Awsome info lance thanks.


----------



## dutchman (Sep 15, 2009)

HookedN21 said:


> Good post Lance.





bam_bam said:


> Awsome info lance thanks.



x3.


----------



## Bubbaforsure (Sep 15, 2009)

HookedN21 said:


> Good post Lance.




AAAAAAAAAAAAAAAAmen.........................!


----------



## Night Wing (Sep 16, 2009)

This is the broadhead I shoot out of my 42# recurve and my 41# hybrid longbow. A 145 grain STOS. Since I shoot aluminum arrows, I glue the broadhead to a 36 grain Zwickey long broadhead adapter and after sharpening, this gives me around a 175 grain tip weight.


----------



## wet feet (Sep 16, 2009)

Well after reading the post bye Lance  I decided to buy the woodsman


----------



## dawg (Sep 16, 2009)

Slick Trick


----------



## Bubbaforsure (Sep 16, 2009)

wet feet said:


> Well after reading the post bye Lance  I decided to buy the woodsman



  The WW can be a pain to sharpen at times...But well worth the effort


----------



## BOFF (Sep 16, 2009)

Bubbaforsure said:


> The WW can be a pain to sharpen at times...But well worth the effort



I've found them to be quite easy, using a large file and then a Arkansas stone with oil.


----------



## SOS (Sep 16, 2009)

My experience is the 2 blades are great on deer and for penetration.  I think the 3 blades leave a little better blood trail on hogs.  At 55 pounds and a reasonable arrow weight - penetration should be just fine on both types.  Lots of folks love the WWs.  Good luck.


Arrow flinger, I wouldn't validate penetration on 3D foam.  It is designed to stop arrows from friction on the arrow shaft alone.  It isn't a wet, flesh and blood animal and broadheads act a whole lot different.


----------



## LanceColeman (Sep 17, 2009)

The key on terminators, vanguards, snuffers, G5s and Woodsmans is firstly a smooth straight bevel (magic marker it and make sure when you run a file down it it all shines and there's no spots of black left. If it looks wavy?? You need to either do one of two things, get uppity and return them demanding a straight correct bevel, or take them to a belt sander and smooth them out straight.*IF* you try and file them straight you will work yourself to death, remove more metal than need be, and with your toil your patience will waiver and it's every bit as likely that you worsen the problem instead of fixing it. So get them on something flat like a belt sander to get it right. Just keep a cup of water near you and bare finger the up pointing blade. That way when you feel it getting too hot you can quench it in the water. And if you taker that advice and cut yerself?? I'm not liable! 
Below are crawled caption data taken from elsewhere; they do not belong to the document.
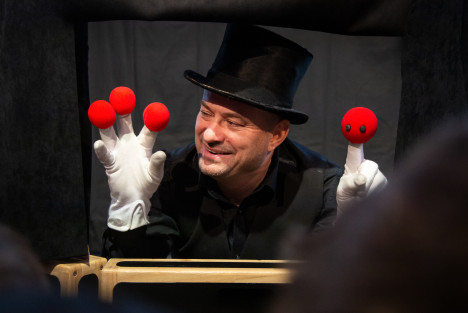 Handsken är lös, Marionetteatern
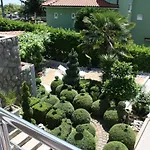 Lux Villa *
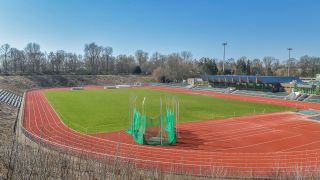 Eine leere Sportanlage in Berlin-Wilmersdorf (Quelle: imago images/Joko)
After this the first step is a GOOD file. read that fellas a GOOD file as in a grobet or a brand spankin new nicholsan. And not no tiny lil 6" you keep in you day pack or quiver as atoucher upper. an 8-14" big boy. Now take you new file and go to your kids room and find the sidewalk chalk or chalboard chalk and chalk the file. Rub it with the chalk until it's the same color as the chalk all over. This "floats" the metal shaving you cut away from the head with the file out and away instead of letting them fall or jam in between the teeth of your file. You need to rechalk every time you sit down to rework your edge or bevel. (note thats not touch ups with your little field file. I'm talking when you are about to sit down the night before the hunt and clean up heads thats been rained on or shot in to stuff.

Now you will "feel" this file cutting as you run it across the head the usual "2 blades at once way". Here's what you want to do. there's 3 sides of the head. you want to start at 12 strokes per side, then turn then 12, then turn then 12. Now drop to 10 strokes per side, then to 8, then to 6. Now from 6 you drop only one per side . You count should go 12x3,10x3,8x3,6x3,5x3,4x3,3x3,2x3,1x3,

Here's the key. get LIGHTER with your pressure each time you drop down a number. By the time you reach one? You should be basically just pushing the file with nothing but it's own wieght across the blades.

This head should now already shave hair from you. At this point you can go to DMT stones, strops, arkansas, or what ever you prefer if you are looking for a more polished fine edge. Tom Lagatol uses different grits of jewelers paper wrapped around a  piece of 3" PVC pipe to create a hollow ground edge on his. But Toms pretty persnickity about his edges. I don't think you can buy a silver flame sharper than what Tom gets his heads.


----------



## Arrow Flinger (Sep 17, 2009)

SOS said:


> Arrow flinger, I wouldn't validate penetration on 3D foam.  It is designed to stop arrows from friction on the arrow shaft alone.  It isn't a wet, flesh and blood animal and broadheads act a whole lot different.



That is true but the broadhead design has to have something to do with it or penetration would be the same with both heads.


----------



## Bubbaforsure (Sep 17, 2009)

BOFF said:


> I've found them to be quite easy, using a large file and then a Arkansas stone with oil.



It was more........   me   .........having 
problems than the broadhead....Just rushing things ....getting in to 
big of a hurry!


----------